Brief descriptive captions
══════════

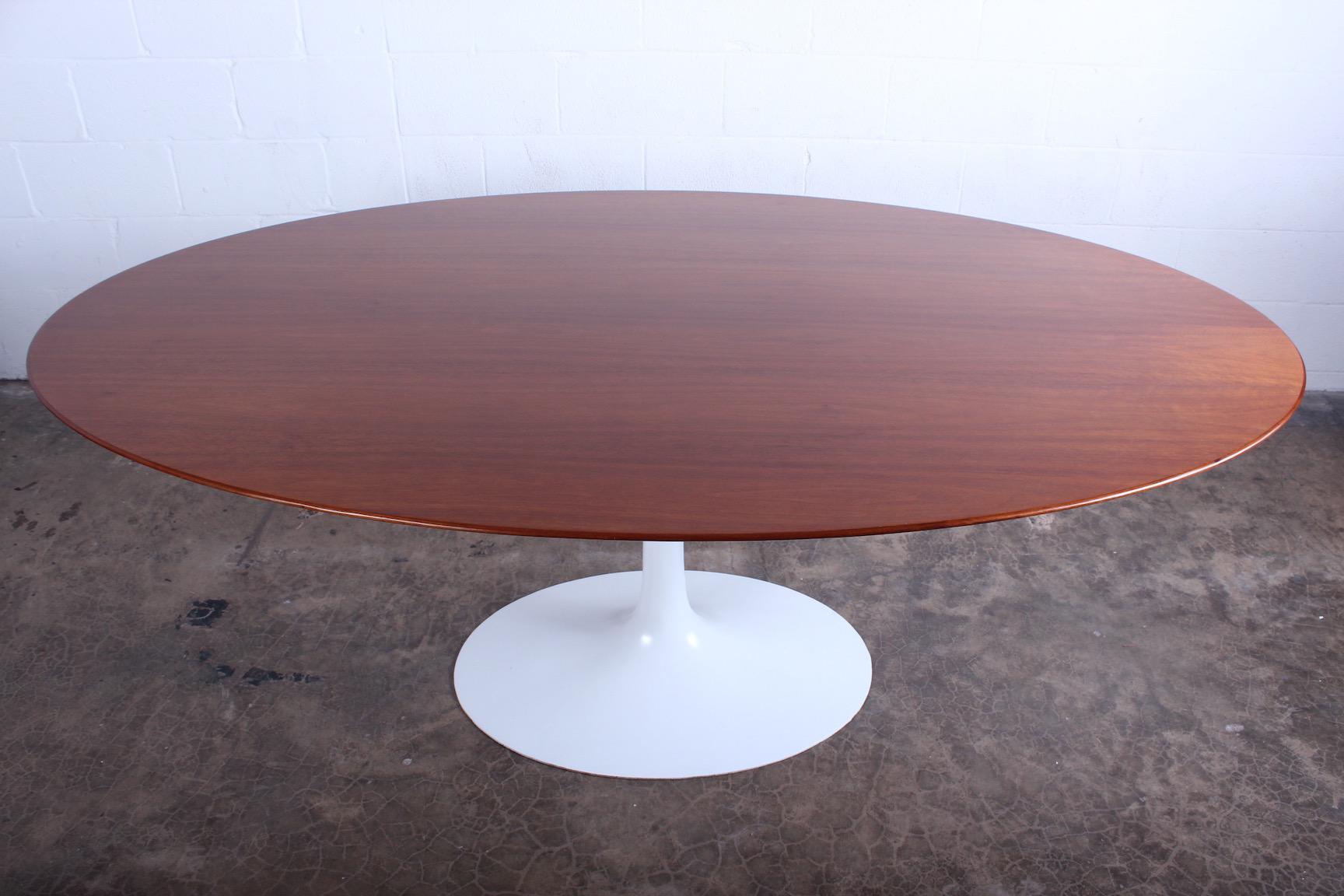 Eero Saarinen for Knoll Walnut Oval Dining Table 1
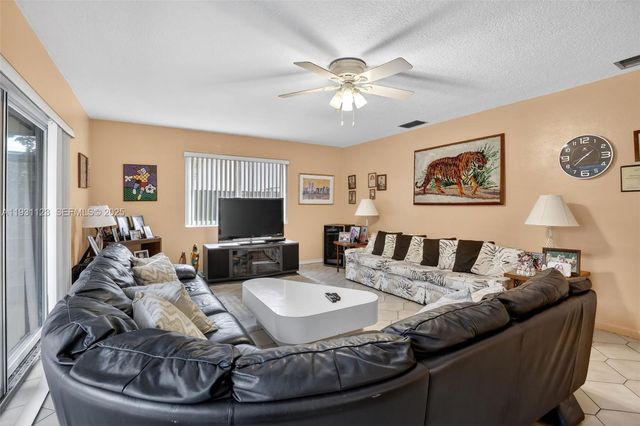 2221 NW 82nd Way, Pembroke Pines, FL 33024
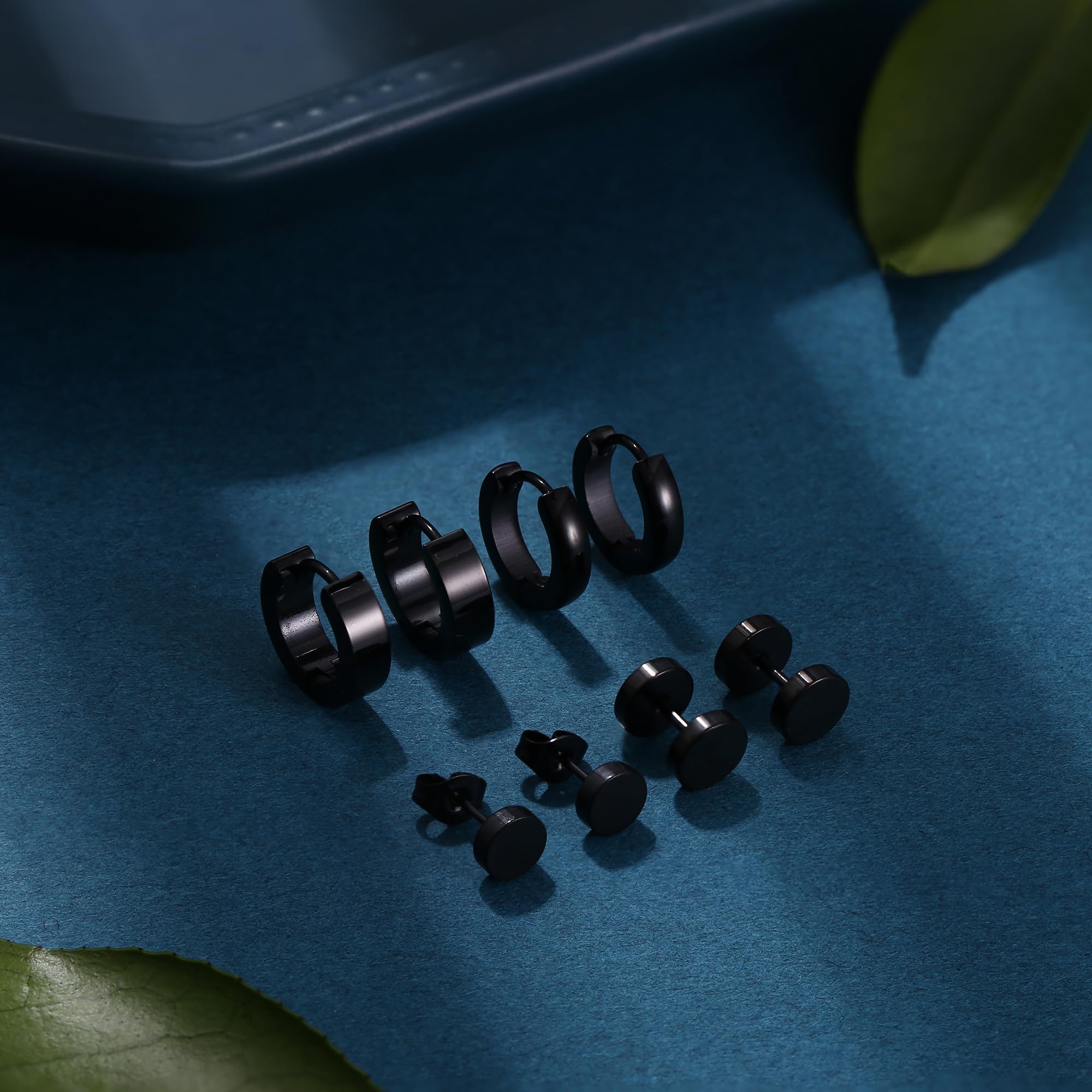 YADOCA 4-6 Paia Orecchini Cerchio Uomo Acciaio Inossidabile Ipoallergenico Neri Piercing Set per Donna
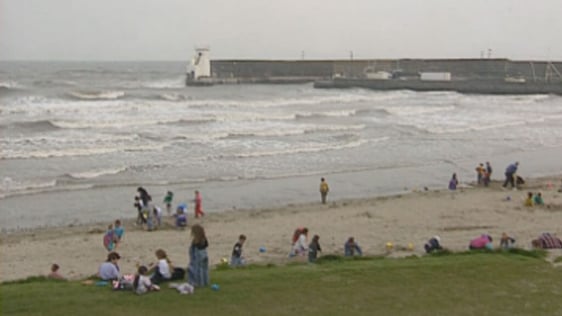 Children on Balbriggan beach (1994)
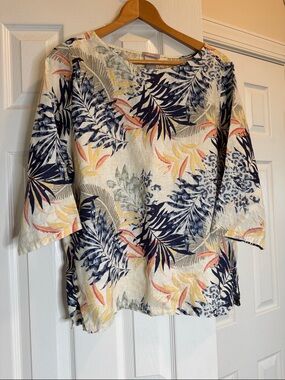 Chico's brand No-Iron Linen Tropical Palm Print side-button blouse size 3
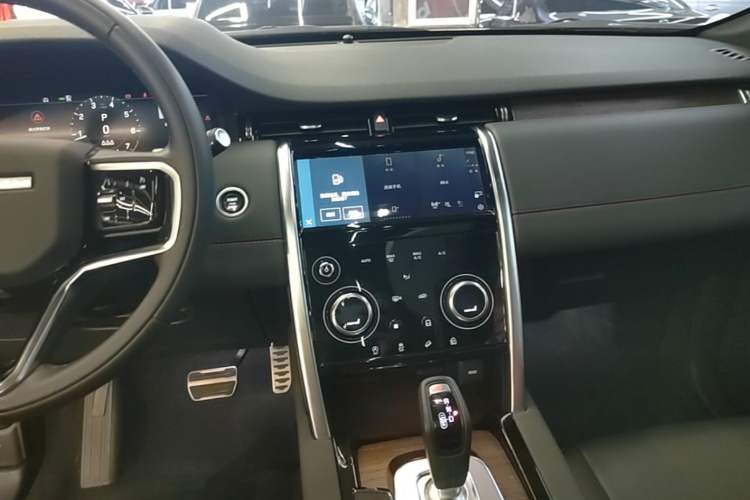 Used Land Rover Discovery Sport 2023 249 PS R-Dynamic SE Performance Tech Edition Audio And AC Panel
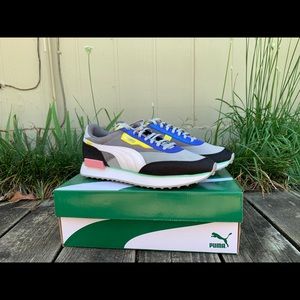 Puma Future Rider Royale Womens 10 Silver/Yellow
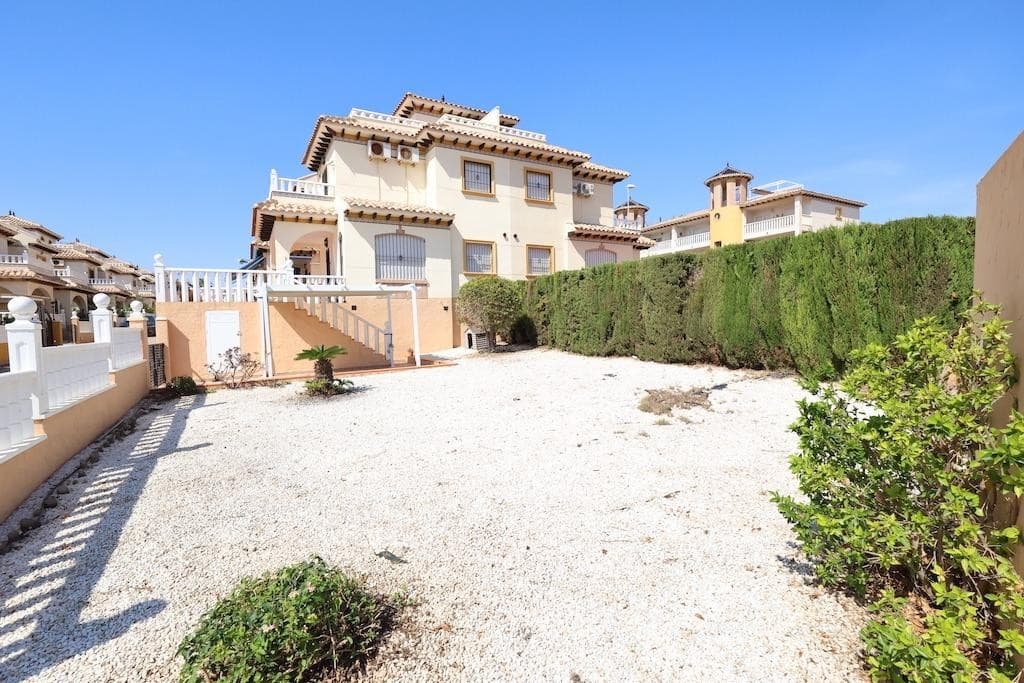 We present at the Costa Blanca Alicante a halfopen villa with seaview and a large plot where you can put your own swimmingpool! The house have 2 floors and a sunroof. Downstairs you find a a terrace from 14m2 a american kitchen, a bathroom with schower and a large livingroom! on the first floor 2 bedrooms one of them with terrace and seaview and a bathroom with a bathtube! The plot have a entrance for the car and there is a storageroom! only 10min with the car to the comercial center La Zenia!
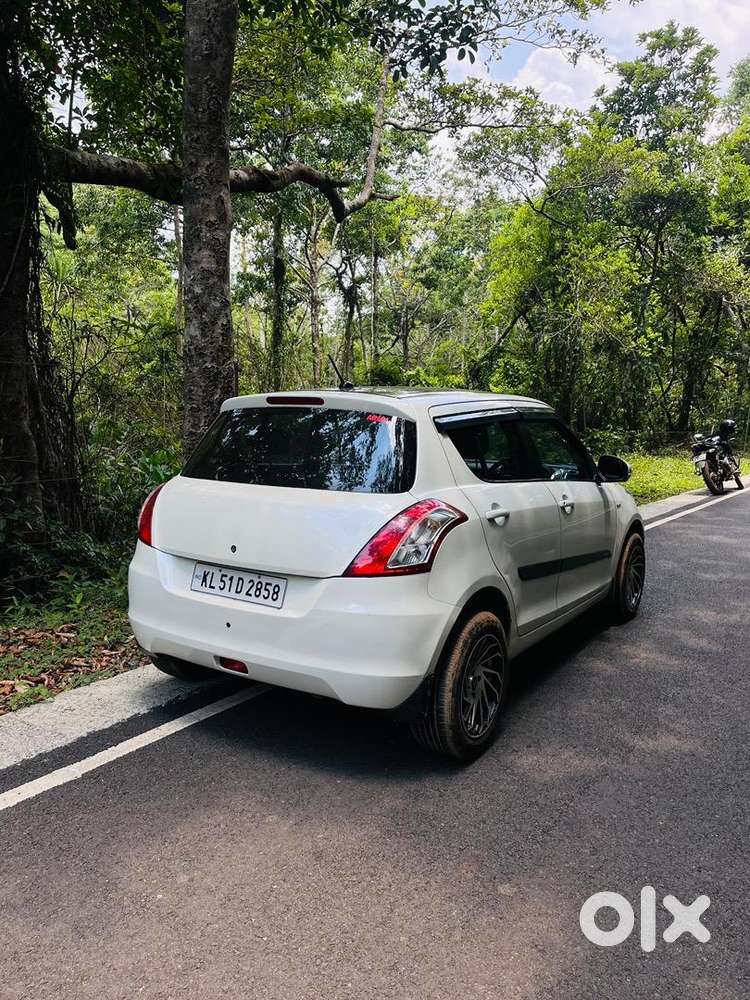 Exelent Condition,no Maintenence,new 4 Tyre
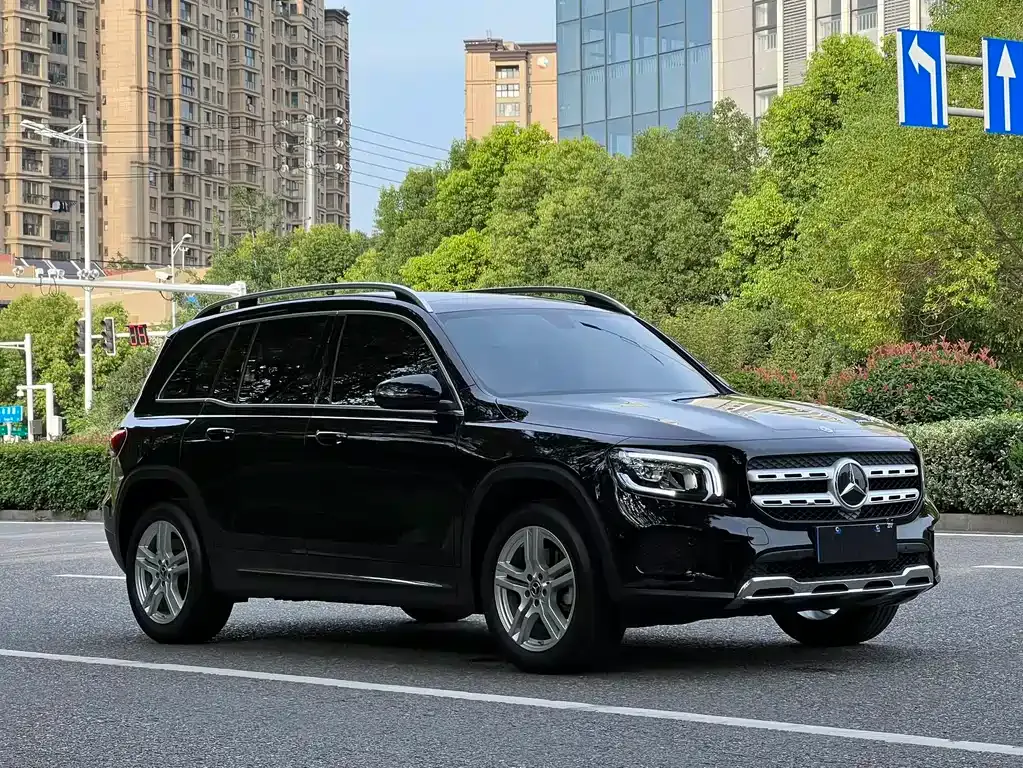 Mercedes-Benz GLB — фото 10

══════════

Task to carry out: What is wanted is an exact copy of the lines above from the one containing "Children on Balbriggan beach (1994)" through the one containing "We present at", with no pictures in it.

Result of the exercise:
 Children on Balbriggan beach (1994)
 Chico's brand No-Iron Linen Tropical Palm Print side-button blouse size 3
 Used Land Rover Discovery Sport 2023 249 PS R-Dynamic SE Performance Tech Edition Audio And AC Panel
 Puma Future Rider Royale Womens 10 Silver/Yellow
 We present at the Costa Blanca Alicante a halfopen villa with seaview and a large plot where you can put your own swimmingpool! The house have 2 floors and a sunroof. Downstairs you find a a terrace from 14m2 a american kitchen, a bathroom with schower and a large livingroom! on the first floor 2 bedrooms one of them with terrace and seaview and a bathroom with a bathtube! The plot have a entrance for the car and there is a storageroom! only 10min with the car to the comercial center La Zenia!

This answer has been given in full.